=== Information given ===

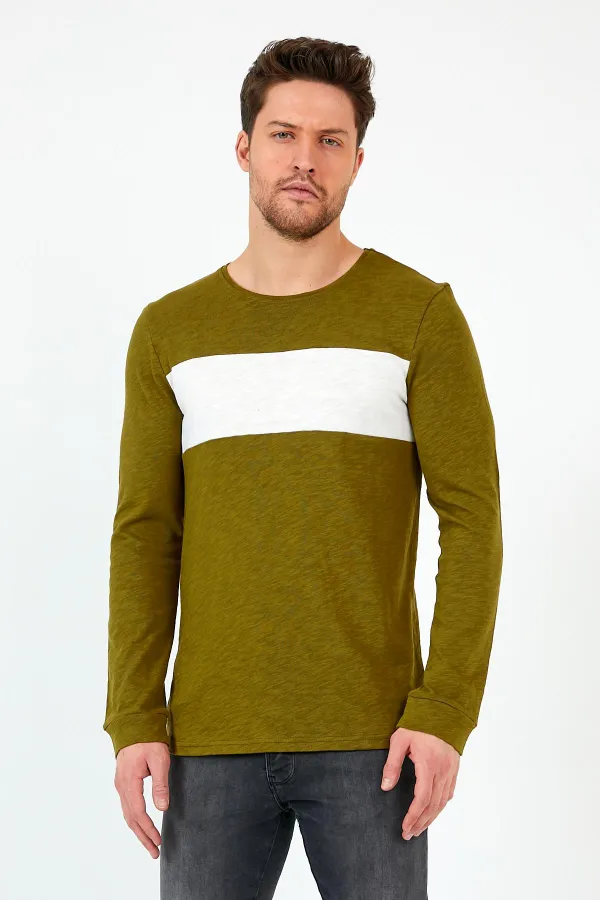 Haki Unisex Regular Fit Bisiklet Yaka Uzun Kollu  Şeritli Sweat MTLC0-H1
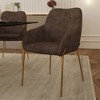 LeisureMod Zaire Modern Dining Chair – Upholstered Side Chair with Gold Iron Legs, Stylish Accent Chair for Dining Room or Kitchen Set of 4 - 3 of 4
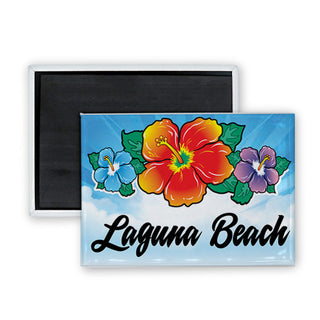 Laguna Beach   Triple Hisbiscus Rectangle Badge Magnet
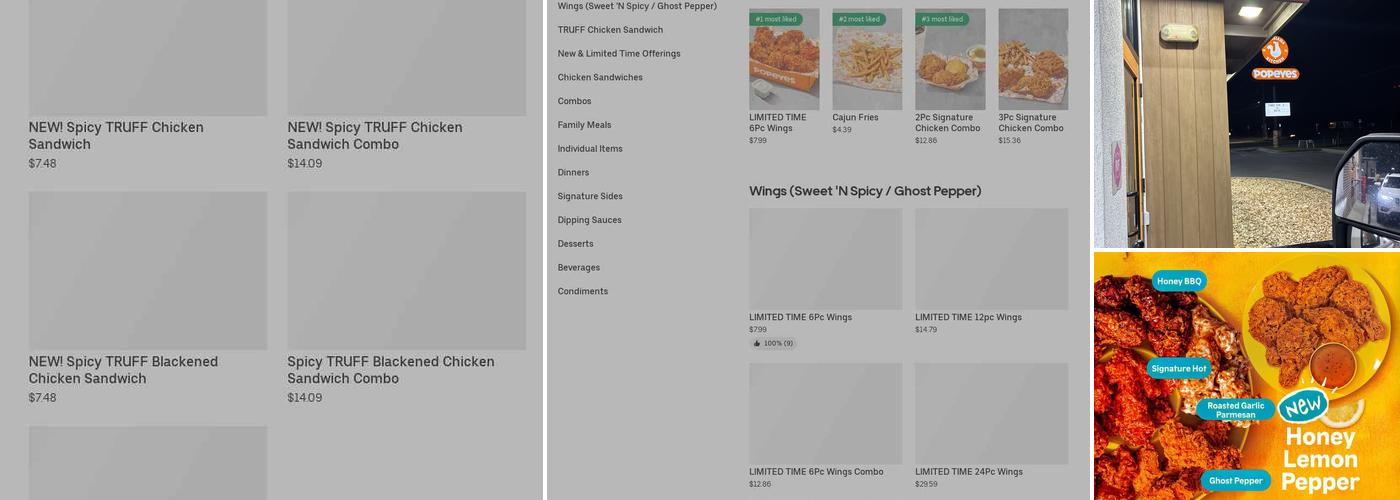 Popeyes Louisiana Kitchen Menu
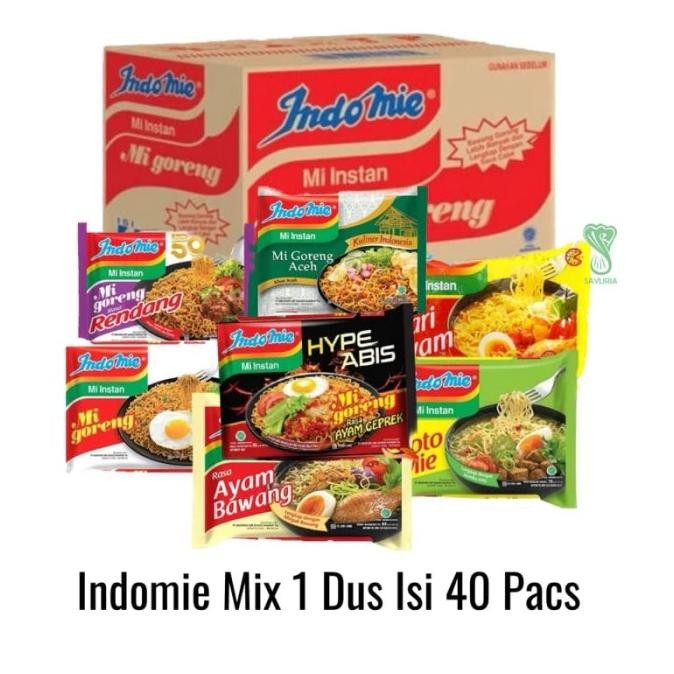 

Terlaris Indomie Mie Instan 1 Dus Isi 40Pcs | Mie Goreng Dan Mie Kuah Ready Stok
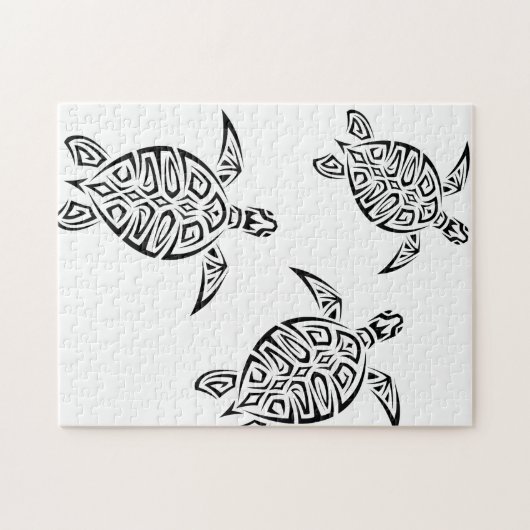 Turtles Tribal Tatoo Animal Puzzle (Horizontal)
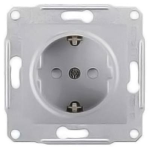Розетка с заземлением и шторками алюминий Sedna Schneider Electric SDN3000160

===

Task
What is needed is a word-for-word repeat of every line from the line with "LeisureMod Zaire Modern" to the end of the entries above; leave out the pictures.

Written response
 LeisureMod Zaire Modern Dining Chair – Upholstered Side Chair with Gold Iron Legs, Stylish Accent Chair for Dining Room or Kitchen Set of 4 - 3 of 4
 Laguna Beach   Triple Hisbiscus Rectangle Badge Magnet
 Popeyes Louisiana Kitchen Menu

Terlaris Indomie Mie Instan 1 Dus Isi 40Pcs | Mie Goreng Dan Mie Kuah Ready Stok
 Turtles Tribal Tatoo Animal Puzzle (Horizontal)
Розетка с заземлением и шторками алюминий Sedna Schneider Electric SDN3000160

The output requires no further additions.